The redundant content "hunting dog" in the second entry is for display purposes. It provides a name for the link to the other entry that can be viewed by a human who is deciding whether to follow the link.

 

 

7     Definition of the data-category module selected from ISO 12620

7.1    General

This section describes the Default data constraint specification (DCS) module for DXLT, which is based on a selection of data categories from ISO 12620 selected to support somewhat blind interchange. The formal, machine-processable version of the DXLT master DCS module can be found in Annex B.  It is referred to as the master DCS of DXLT when distinguishing it from a particular user-group subset DCS.

NOTE: The list orders the data categories according to the section of ISO 12620 in which they are described. It is also the order in which they appear in the master DCS module.

 

7.2        Systematic listing of data categories in DXLT

The following tables define the DXLT master DCS (data constraint specification), which describes the data categories in DXLT that are implemented as XML elements that instantiate a meta data category. The remaining data categories are implemented as the term element, the note element, the date element, the lang attribute, the id attribute, the hi element, and the foreign element. These basic data categories are mentioned in section 6, since they are part of the core structure.

Guidelines for encoding particular data categories in DXLT as XML are given in Annex C.

Each data category other than the basic data categories is related to the meta-model by being classified as either administrative or descriptive. Descriptive data categories may describe either a concept or a term. All data categories that use the Martif tag name descrip are concept-related descriptive data categories.  All data categories that use the Martif tag names termNote or termComp are term-related descriptive data categories. All data categories that use the tag name admin are administrative. Descriptive and administrative data categories are further divided into properties and relations.  In DXLT, a data category is a relation if the target attribute is allowed by the DCS file. Notes can be either administrative or descriptive.

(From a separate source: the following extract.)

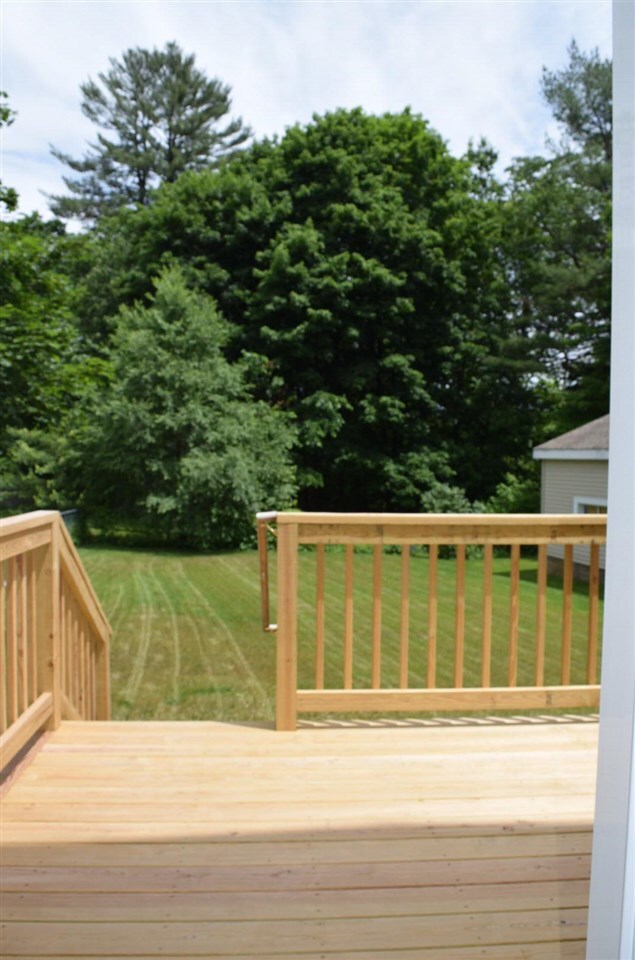 8 Spring St, Rochester, NH 03868 - photo 4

In the following table (split into parts for convenience), the first column (ISO 12620) is the position code of the data category in ISO 12620. The second column (Martif Data Category Name) is the name of that data category when given as the value of the type attribute. Typically, it consists of the name in ISO 12620 with spaces removed and the first letter of the second and subsequent words upper-cased. The third column (TextType) tells what kind of text is allowed in the element. The fourth column tells whether this element can take a target attribute, in which case it indicates what kind of element can be targeted. The fifth column (Martif Tag Name) tells which meta data category is used in DXLT for this data category. The sixth column (Level) gives any exceptional information about the levels in the meta-model at which a particular data category can appear.  Admin elements can appear at any level. Descrip elements can appear at the entry, language, or term levels unless otherwise restricted (using codes TE for Terminological Entry, LS for Language Section, and TM for term). TermNote elements can appear at only at the term level, unless authorized (by a TC code)  to appear also at the Term Component level. 

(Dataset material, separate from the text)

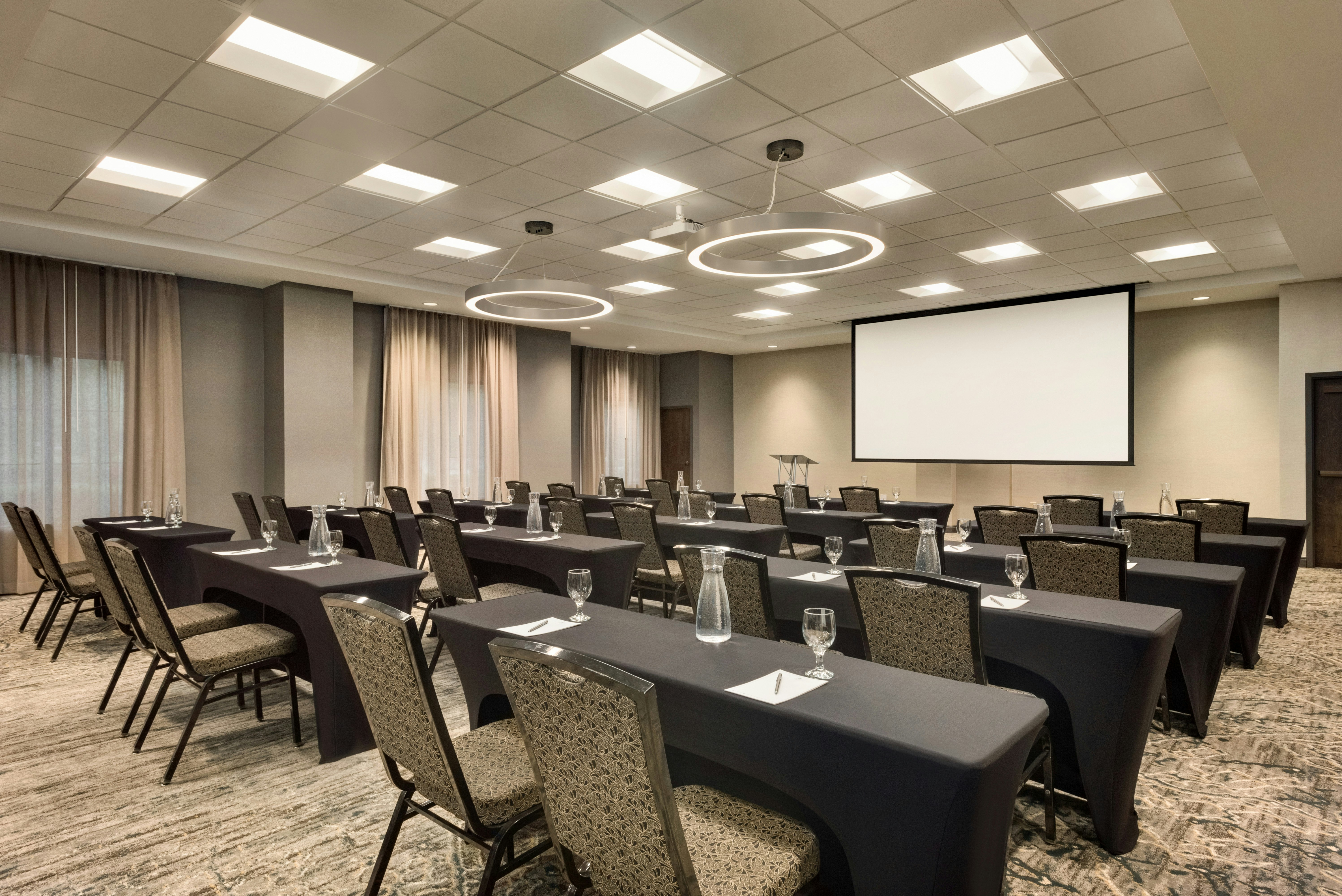 Embassy Suites By Hilton Atlanta Alpharetta 71/82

The last column (column seven) contains various comments. The code PA means that this data category is not yet officially in ISO 12620 and is thus Pending Approval (PA). Picklists are found after the tables in footnotes. If the comment column contains a position code of a data category, this indicates that the listed data category has been combined with the data category of the current row.

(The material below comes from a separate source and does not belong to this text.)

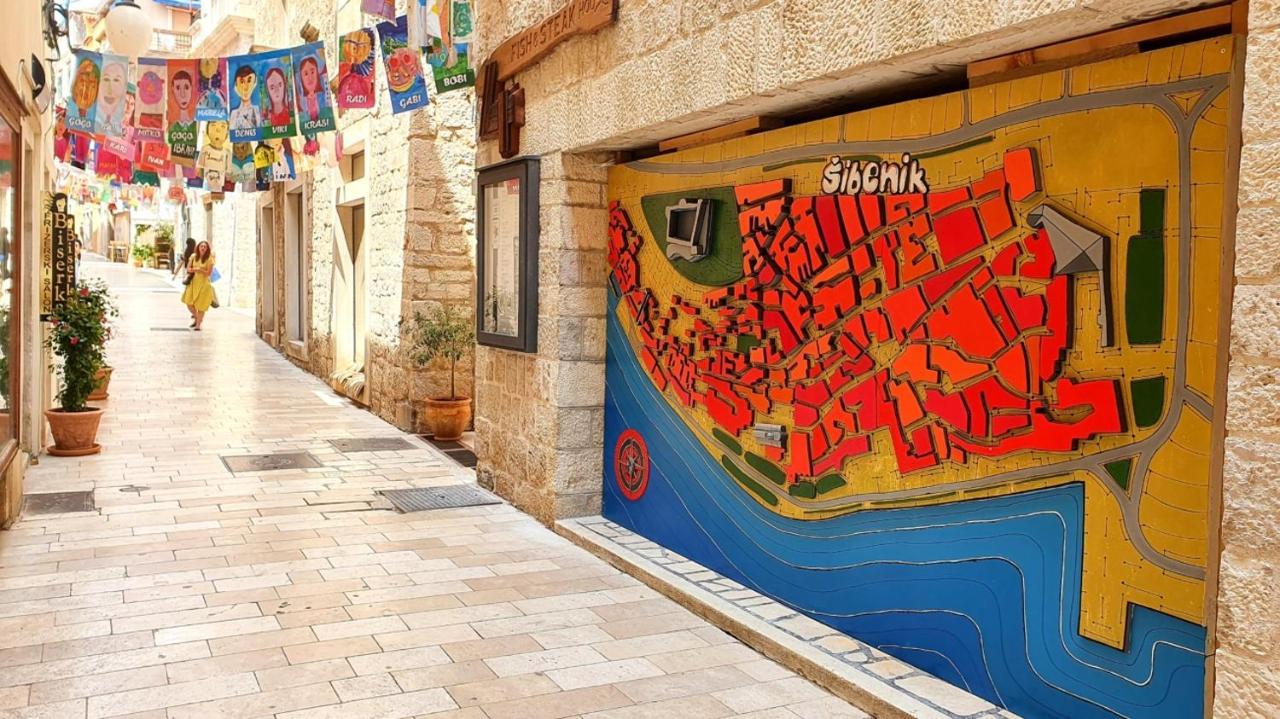 N & D Appartement Šibenik Buitenkant foto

Data categories that do not have a picklist in the DXLT master DCS can have a picklist in a user-group subset DCS of DXLT (see section 8) if the user-group in question can agree on a picklist for that data category. One obvious candidate for a user-group picklist is partOfSpeech, for which there is no agreed-on picklist when all the languages of the world and all linguistic theories are to be taken into account.

 

List 7.2

Basic data categories:

-          term [A.01]: <term>

-          highlighted text: <hi>

-          foreign language text: <foreign>

-          language [A.10.07]: the lang attribute, e.g., lang="es" on an element

-          element identifier [A.10.15]: the id attribute, e.g. <termentry id="eid-45631">

-          date [A10.02.01]: <date>

-          comment [A.08]: <note>

 

Table 7.2a-n

Table 7.2a — Types of terms (12620: A.2.1)

ISO 12620

Martif Data Category Name

TextType

Target

Martif Tag Name

Level

Comments

A.02.01

termType

picklist

none

termNote

 

f1

A.02.01.05

commonNameFor

basicText

term

termNote

 

 

A.02.01.08

abbreviatedFormFor

basicText

term

termNote

 

 

 

f1:      picklist: mainEntryTerm, synonym, internationalScientificTerm, commonName, internationalism, fullForm, shortForm, abbreviatedForm, variant, transliteratedForm, transcribedForm, symbol, formula, equation, logicalExpression, sku, partNumber, phraseologicalUnit, standardText

 

Table 7.2b — Grammar, Usage, and Origin (12620: A.2.2 – A.2.4)

ISO 12620

Martif Data Category Name

TextType

Target

Martif Tag Name

Level

Comments

A.02.02.01

partOfSpeech

plainText

none

termNote

TC

 

A.02.02.02

grammaticalGender

picklist

none

termNote

TC

f2

A.02.02.03

grammaticalNumber

picklist

none

termNote

TC

f3

A.02.02.04

animacy

picklist

none

termNote

TC

f4

 

 

A.02.02.07

grammaticalValency

plainText

none

termNote

TC

PA

A.02.03.01

usageNote

noteText

none

termNote

 

 

A.02.03.02

geographicalUsage

picklist

none

termNote

 

f5

A.02.03.03

register

picklist

none

termNote

 

f6

A.02.03.04

frequency

picklist

none

termNote

 

f7

A.02.03.05

temporalQualifier

picklist

none

termNote

 

f8

A.02.03.06

timeRestriction

noteText

none

termNote

 

 

A.02.03.07

proprietaryRestriction

picklist

none

termNote

 

f9

A.02.04.01

termProvenance

picklist

none

termNote

 

f10

A.02.04.02

etymology

basicText

none

termNote

TC

 

 

f2:      picklist: masculine, feminine, neuter,  other

f3       picklist:  singular, plural, dual, mass, other

f4:      picklist: animate, inanimate, other

f5:      picklist: SF, CH, FR etc from ISO 3166 (country codes)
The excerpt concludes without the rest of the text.